Text: Luke 1:5-25Speaker: Mark Rupp

Welcome to the season of Advent. This Sunday marks the beginning, or more aptly, the return to the beginning of a cycle that moves through expectation, arrival, growth and learning, loss and gain, death and resurrection, and the new life we find all along the way. The name Advent comes from the Latin, adventus meaning arrival. It is a season of anticipation and waiting, of watching and preparing. 

And this year we have chosen the theme “Visitations” as a container for these four Sundays leading up to Christmas day. Throughout these weeks, we will be hearing stories of different visitations from Luke’s gospel. Meetings between human and divine, encounters between people both familiar and strange, songs and visions of how we are called to greet the world around us. Advent prepares us for Christmas, a day we celebrate God visiting us in a new way through the baby Jesus, but the many other encounters we have along the way are also opportunities for Divine visitations. In the office this week, we were discussing the theme and someone shared that for them “visitations” brought to mind the practice of offering condolences before a funeral or memorial service. And for someone else, they said “visitations” brought to mind the idea of otherworldly, perhaps strange, visions. 

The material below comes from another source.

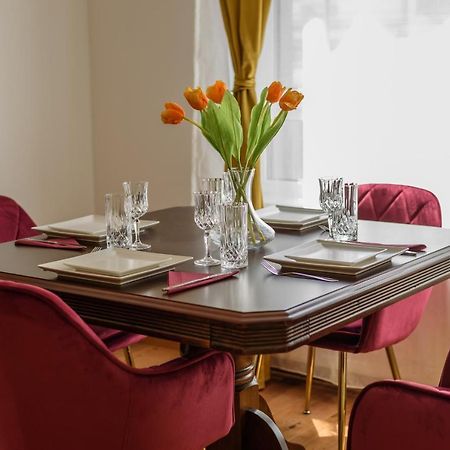 קלוז'-נאפוקה Ultracentral Luxury Apartment מראה חיצוני תמונה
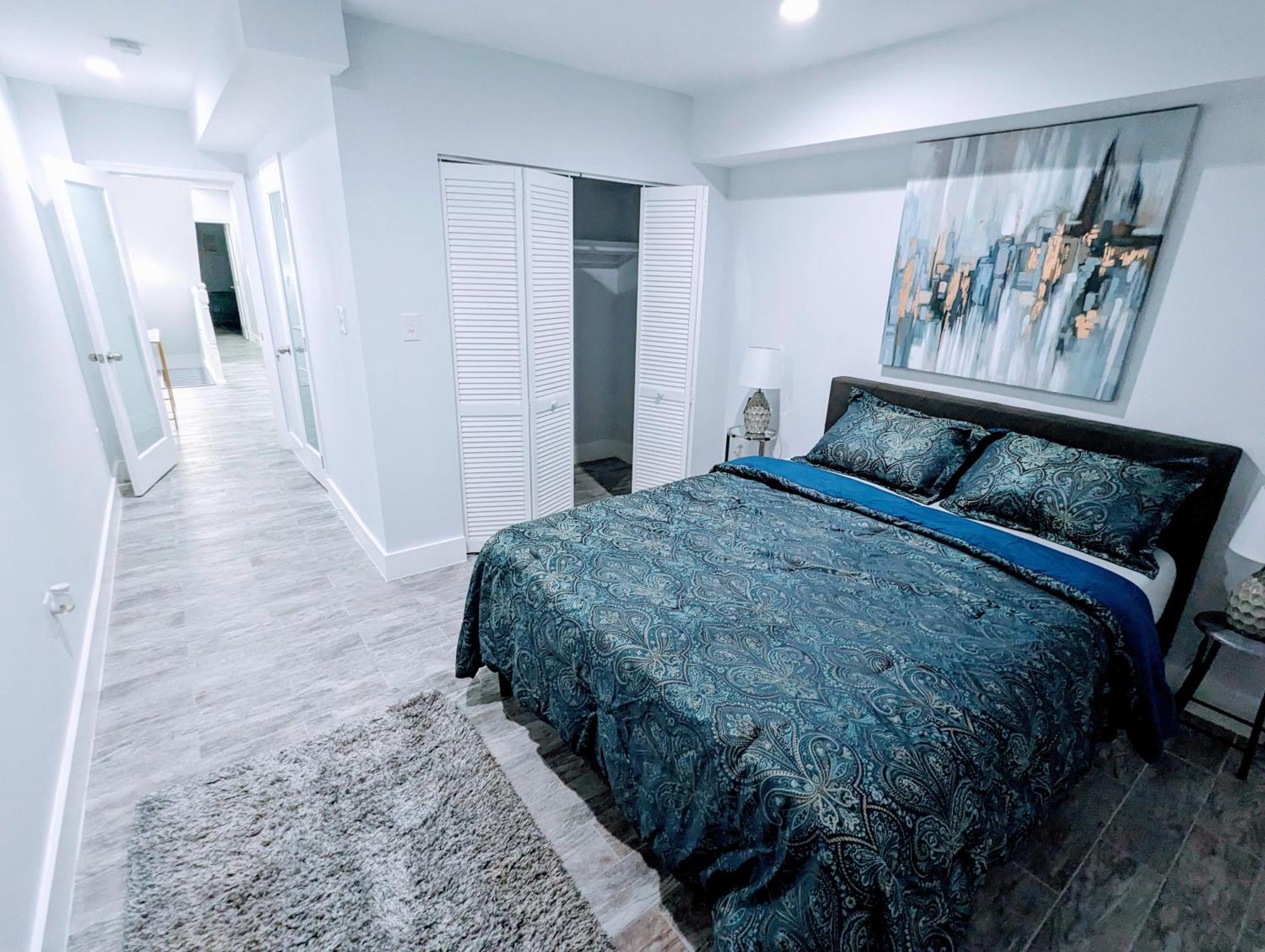 Luxurious 3 Bedroom Apt With A Beautiful Balcony Washington Zimmer foto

Visitations come in all shapes and sizes: welcome and unwelcome, comforting and discomforting, surprising and mundane, reorienting and disruptive; some brimming with hope and joy while others filled with sorrow and pain. In all of these, the enduring question for us is where and how we find the presence of God, even in those encounters that feel removed from the sacred, when God feels hidden or when the blessings of the dark have yet to reveal themselves.